Texas Insider Report: AUSTIN, Texas – “The Texas Conservative Coalition Pledge has been around for a couple Sessions, its similar to the Congressional ‘Contract With America’, and now its the ‘2017 Pledge With Texans’ where we’re asking members to sign and support our L.I.F.T. Principles of: Limited Government, Individual Liberties, Free Enterprise & Traditional Values,” said Jason Isaac, vice chair of the Texas Conservative Coalition & State Representative from House Dist. 45. “We’ve broken down ‘The Pledge’ into 6 areas where we want to focus, and we’re going to file legislation,” Isaac tells Insider’s Jim Cardle.
“Governor Abbott said at the end of the last session that it was the most conservative session that we’ve ever had, and we feel like that was due, or attributed to, our leadership in the Senate, our leadership in the House, and the members of the Texas Conservative Coalition.
“To become a member you have to have met a certain threshold score, to meet certain conservative requirements. If you meet them, you’re considered a ‘Conservative Champion’ and we try to travel around the state and celebrate our success and let voters know that they have a truly conservative representative that’s made the grade,” Isaac said.
“The Texas Conservative Coalition is made up of members of the legislature that get together, and work together, to either pass bills or kill bills that we don’t think align with our L.I.F.T. Principles.”
“But now they say that, with the STAAR test, they’re spending 46 days of the school year preparing kids to take the test. That’s a quarter of the school year preparing kids to take the test, when they should be focusing on preparing them for their future.

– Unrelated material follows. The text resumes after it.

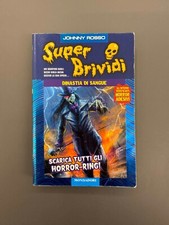 Super brividi dinastia - super,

“So I’m all for empowering what we call ‘independent school districts’, that actually have a diminishing level of independence these days… or, our school board members that are ironically called trustees, but yet we place little trust in them to manage their districts. So we’re working on some reform ideas that will give individual districts the ability to choose a nationally-normed, standardized test that meets our state laws, meaning no Common Core,” said Isaac.
“There are 1,043 school districts in Texas; we need to put the independent back in the independent school districts,” Isaac said.